▶ **Task instructions**
Repeat, word for word, each of the records shown below, without their pictures.

==== Data provided

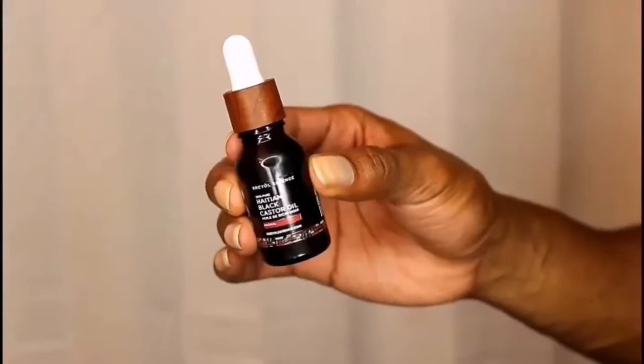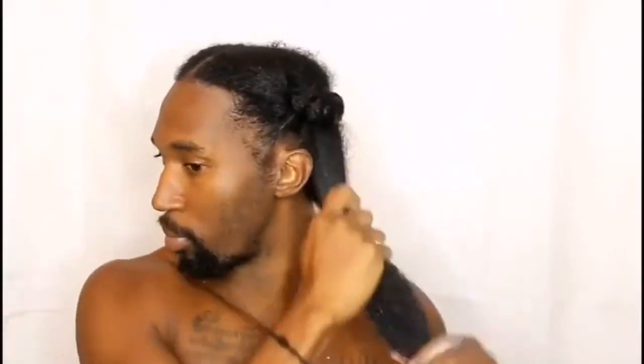I made sure that my hair was fully detangled, and it was. Next I'm moving on with the Haitian Black Castor Oil — and this is not Jamaican black castor oil, this is Haitian black castor oil. One thing I love about this is every time you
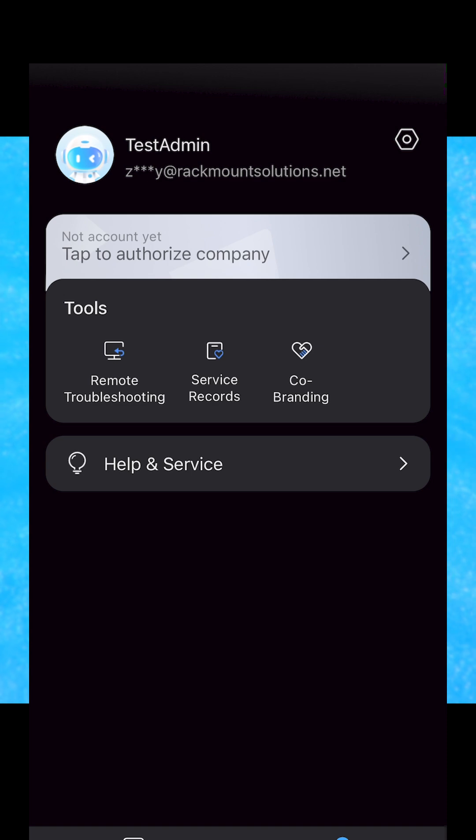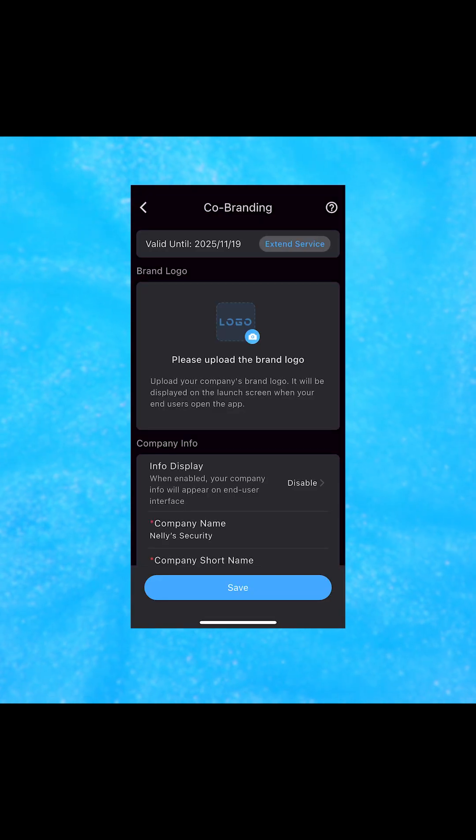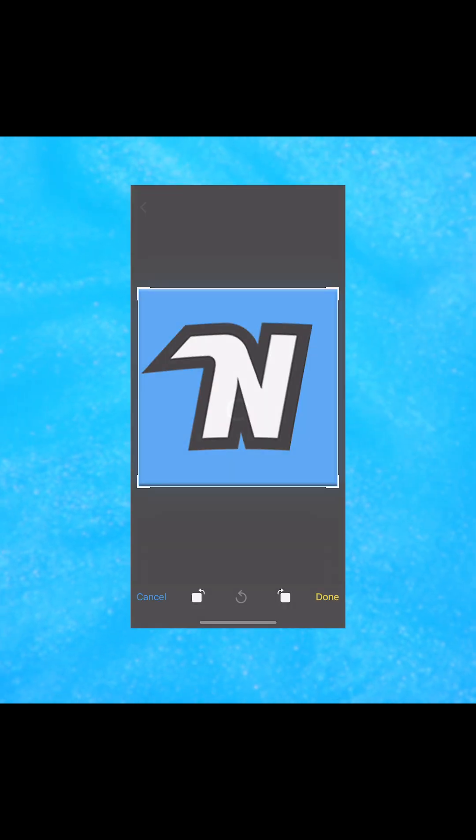You'll see a few options listed, but we're going to click on the Co-Branding tab. It will then prompt you to enter a gift code, which you can get from us here at Nelly's. Once you enter that in, you'll press Enter, and then it'll take you to a page where you can upload your own image. This is going to be your company logo.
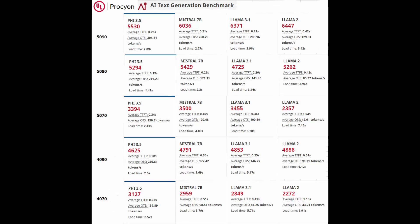Now I've got the Procyon benchmarks up — this is from the AI Text Generation benchmark. I compared the 5090, 5080, and 5070 together, and at the bottom I threw in the 4090 and 4070 just for reference, so you can sort of see how the numbers have scaled between the two generations.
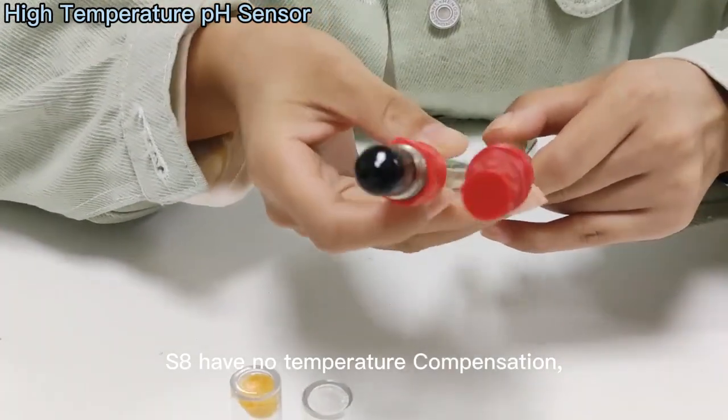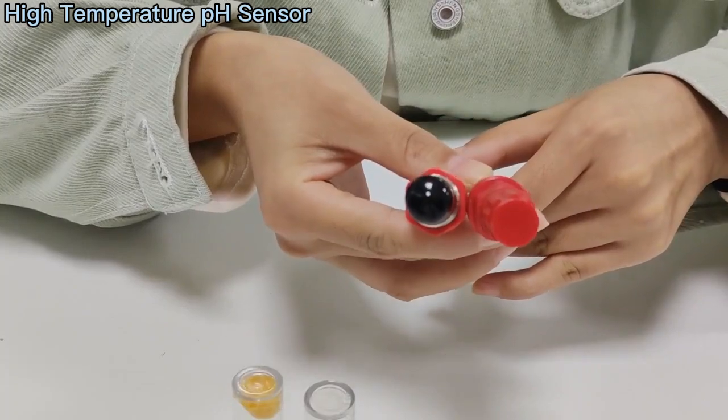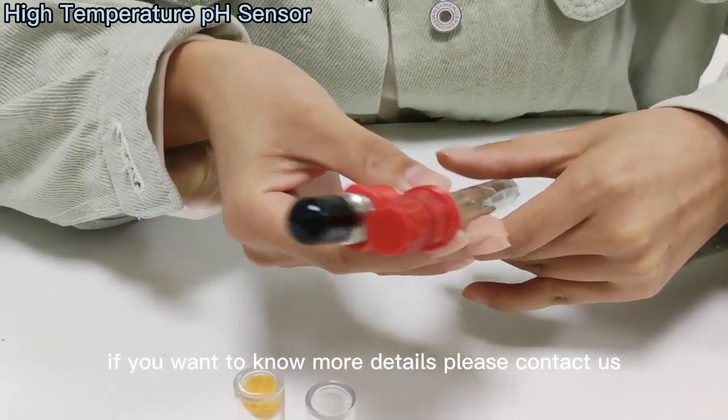This one has no temperature compensation. They are usually used in fermentation tanks, biotechnology, and so on. If you want to know more details, please contact us.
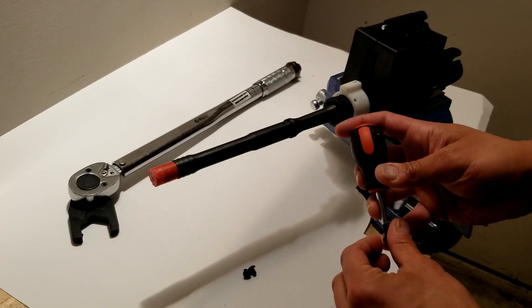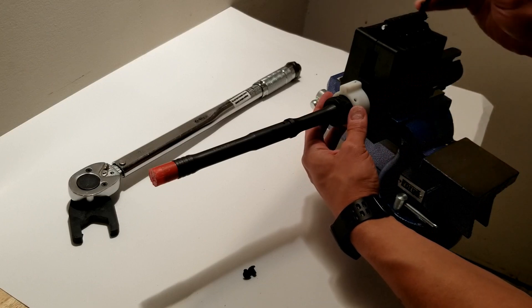You'll have to press in on the alignment jig as you install the included nylon screws.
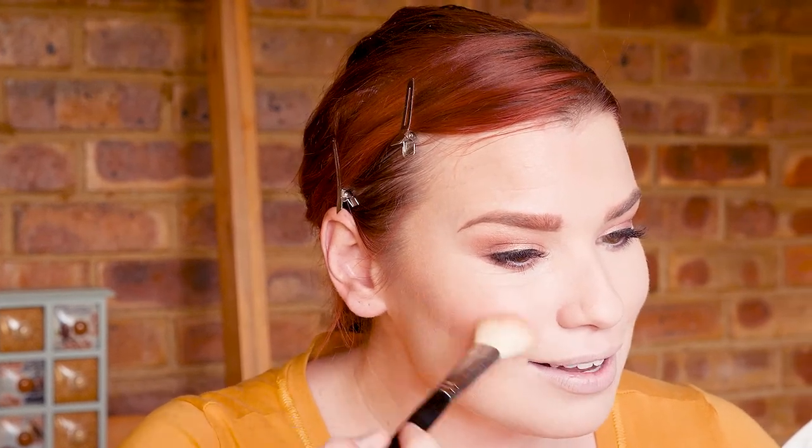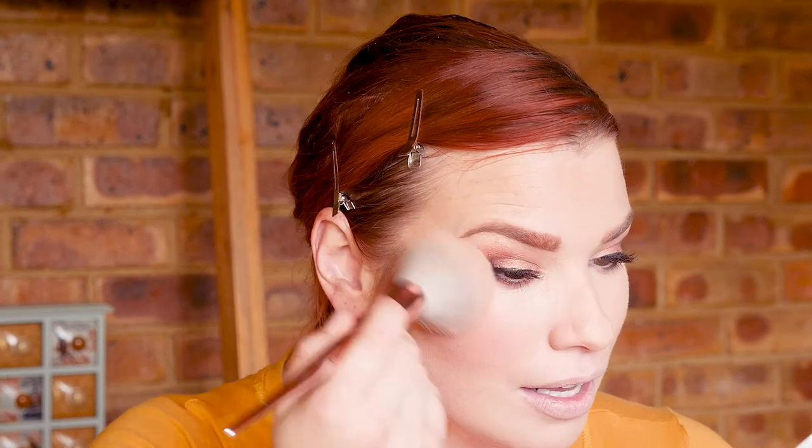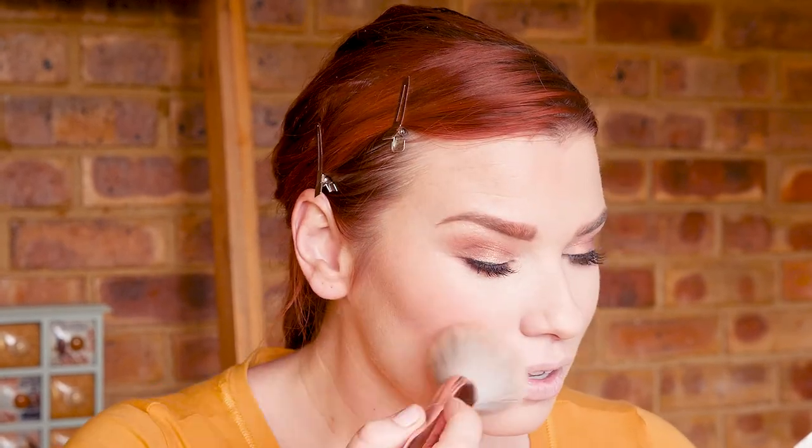Next will be the blush — I love blush, I'm a huge fan. Once you find the right blush color for your skin tone, you can get away with wearing a lot of it. I put it on starting on the apples of my cheek and bring it up, connecting it to the bronzer — I don't want a gap between blush and bronzer. Then I take a fluffy brush and marry the two together. If you feel you need a little bit more, just go in — it's all about layering.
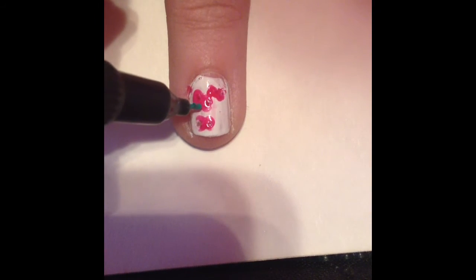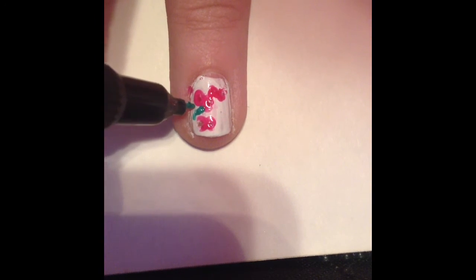Next you are going to take something smaller and you are going to start making the stems.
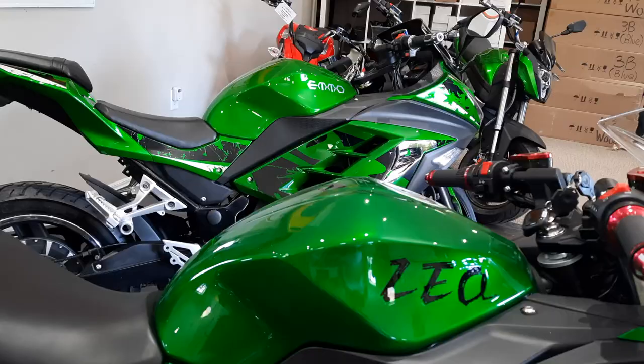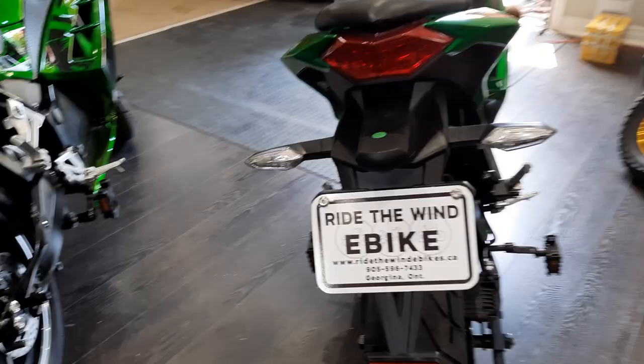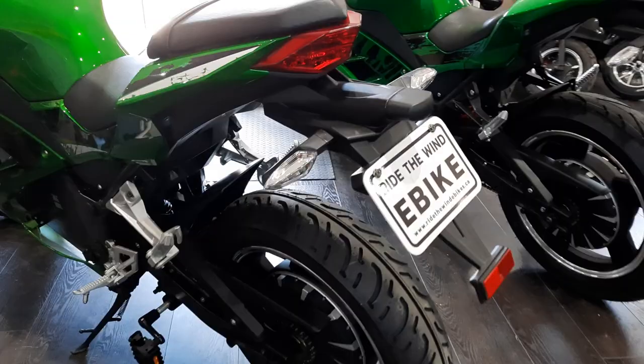I would say it's definitely the same paint color as the Emo, which would make sense. Emo is on the left — you can see a slightly smaller tire, but it's really not very noticeable.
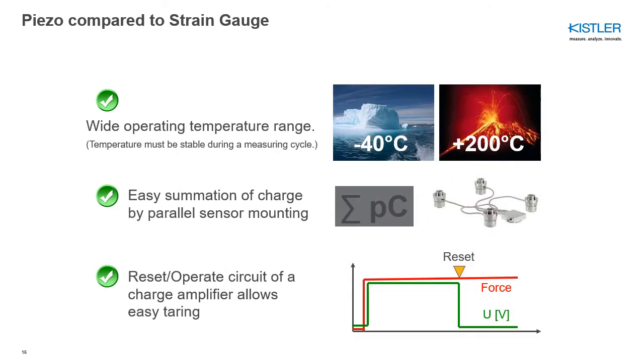Now for a more nuanced topic: the wide operating temperature range of a piezo sensor, given as minus 40°C up to 200°C. Kistler has tested sensors at minus 196°C and they work perfectly. However, one important caveat: the sensor itself must have a stable temperature environment during the measurement cycle; otherwise, drift will occur as mentioned before. So if you want to measure at very high or very low temperatures, the piezoelectric sensor is preferable — but only if the temperature is stable. Otherwise, choose a temperature-compensated strain gauge sensor.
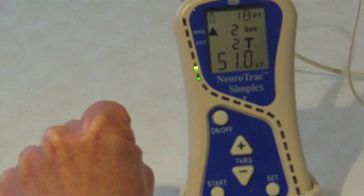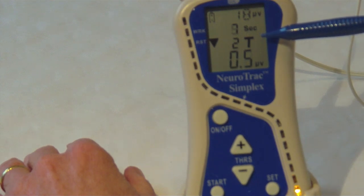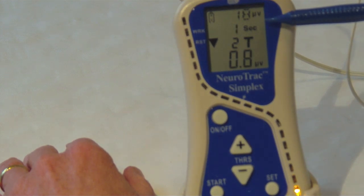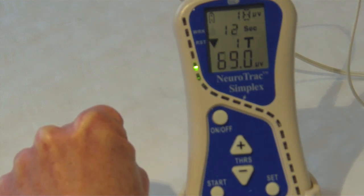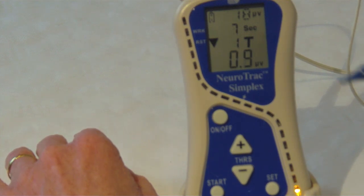I'm working my muscle to its maximum and then resting it completely. You can see the number of trials — I've set it for four and I've just got two trials left. Relaxation, full contraction for six seconds, good hold, hang on, and then relax again. Let that muscle completely go. And that's the trial finished.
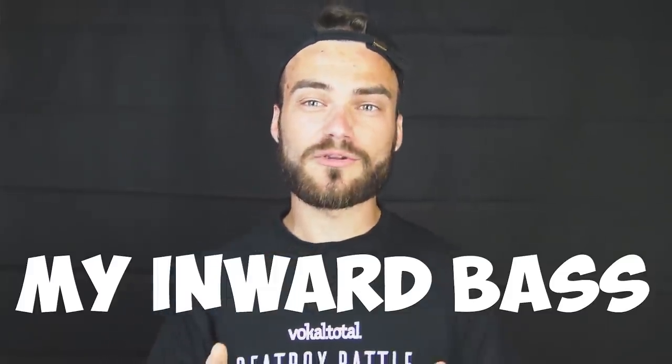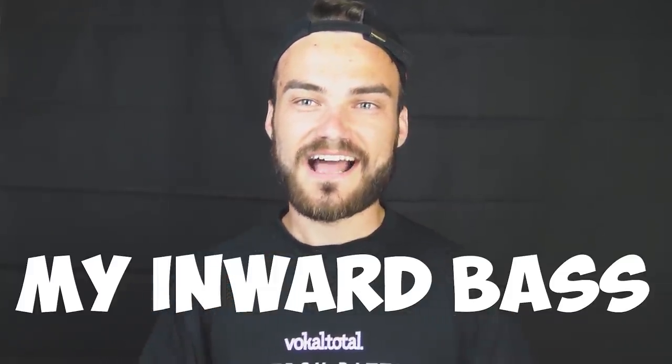If you want my version of the inward bass, it's a little bit lower — I call it the lower inward bass. You do it by starting with the slizzard bass outward: the vibration is a little bit higher and you position your tongue like you're making a certain shape. When you add the vibration it sounds like that. Do that vibration outward, then inward, and you'll get my inward bass.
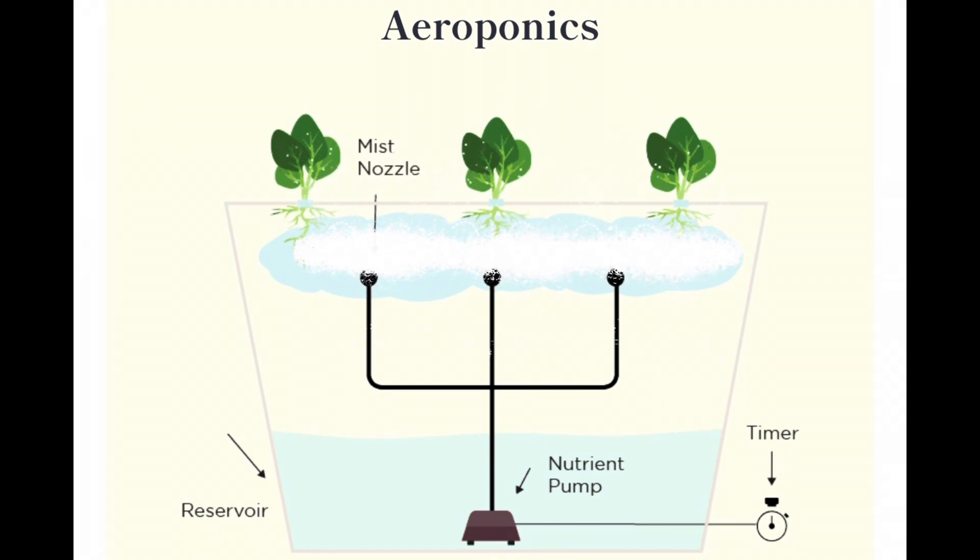Last but not least is aeroponics, a setup in which the plants are suspended in the air and the roots are constantly misted with nutrient solution.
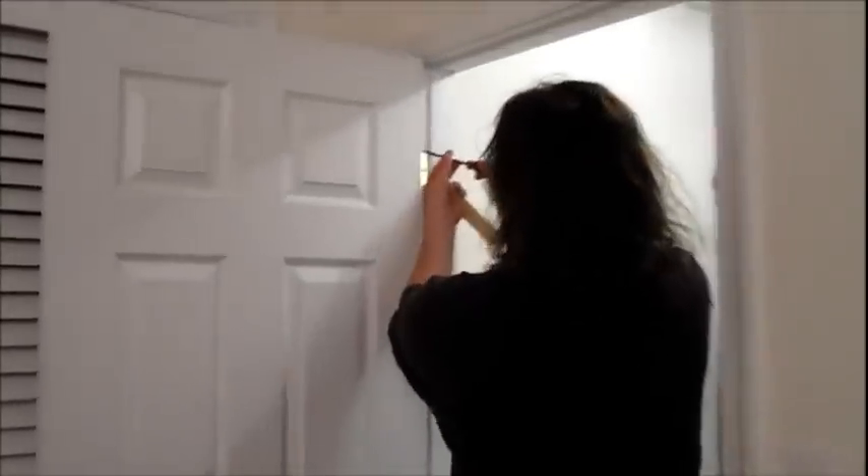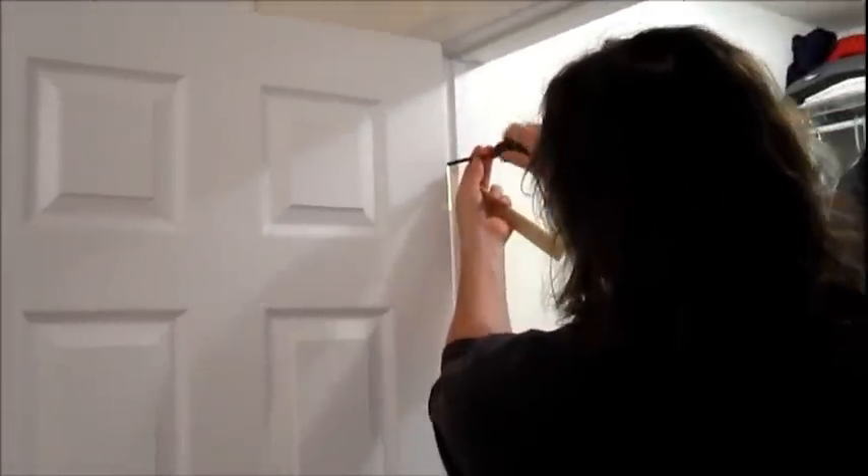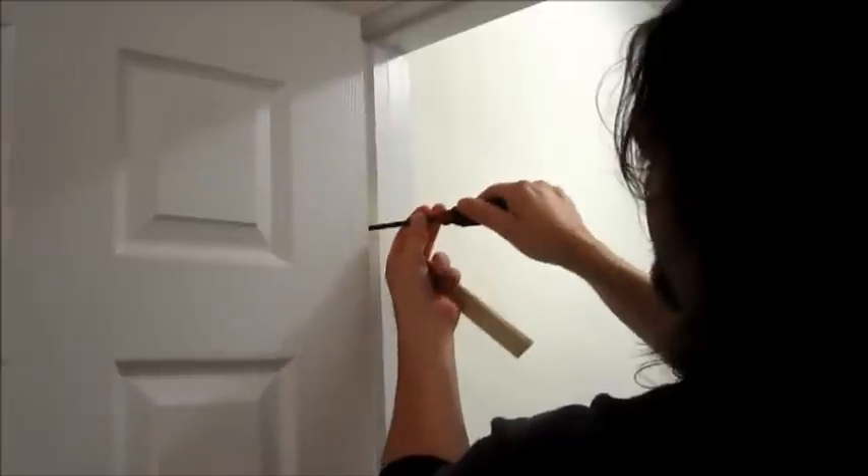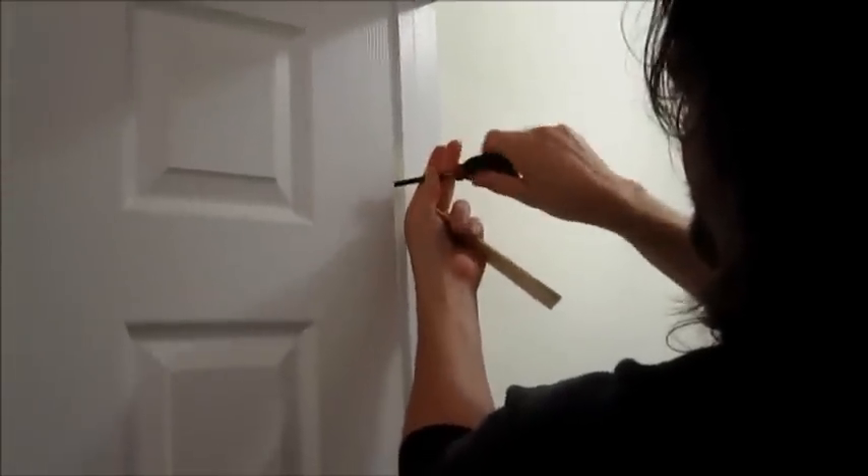So what we have to do is give this top hinge a little relief. So I'm going to unscrew this just a little bit. And now we'll see if that did anything.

========

▶ **Answer to this task**
I made sure that my hair was fully detangled, and it was. Next I'm moving on with the Haitian Black Castor Oil — and this is not Jamaican black castor oil, this is Haitian black castor oil. One thing I love about this is every time you
You'll see a few options listed, but we're going to click on the Co-Branding tab. It will then prompt you to enter a gift code, which you can get from us here at Nelly's. Once you enter that in, you'll press Enter, and then it'll take you to a page where you can upload your own image. This is going to be your company logo.
Now I've got the Procyon benchmarks up — this is from the AI Text Generation benchmark. I compared the 5090, 5080, and 5070 together, and at the bottom I threw in the 4090 and 4070 just for reference, so you can sort of see how the numbers have scaled between the two generations.
This one has no temperature compensation. They are usually used in fermentation tanks, biotechnology, and so on. If you want to know more details, please contact us.
You'll have to press in on the alignment jig as you install the included nylon screws.
Next will be the blush — I love blush, I'm a huge fan. Once you find the right blush color for your skin tone, you can get away with wearing a lot of it. I put it on starting on the apples of my cheek and bring it up, connecting it to the bronzer — I don't want a gap between blush and bronzer. Then I take a fluffy brush and marry the two together. If you feel you need a little bit more, just go in — it's all about layering.
Next you are going to take something smaller and you are going to start making the stems.
I would say it's definitely the same paint color as the Emo, which would make sense. Emo is on the left — you can see a slightly smaller tire, but it's really not very noticeable.
Now for a more nuanced topic: the wide operating temperature range of a piezo sensor, given as minus 40°C up to 200°C. Kistler has tested sensors at minus 196°C and they work perfectly. However, one important caveat: the sensor itself must have a stable temperature environment during the measurement cycle; otherwise, drift will occur as mentioned before. So if you want to measure at very high or very low temperatures, the piezoelectric sensor is preferable — but only if the temperature is stable. Otherwise, choose a temperature-compensated strain gauge sensor.
I'm working my muscle to its maximum and then resting it completely. You can see the number of trials — I've set it for four and I've just got two trials left. Relaxation, full contraction for six seconds, good hold, hang on, and then relax again. Let that muscle completely go. And that's the trial finished.
If you want my version of the inward bass, it's a little bit lower — I call it the lower inward bass. You do it by starting with the slizzard bass outward: the vibration is a little bit higher and you position your tongue like you're making a certain shape. When you add the vibration it sounds like that. Do that vibration outward, then inward, and you'll get my inward bass.
Last but not least is aeroponics, a setup in which the plants are suspended in the air and the roots are constantly misted with nutrient solution.
So what we have to do is give this top hinge a little relief. So I'm going to unscrew this just a little bit. And now we'll see if that did anything.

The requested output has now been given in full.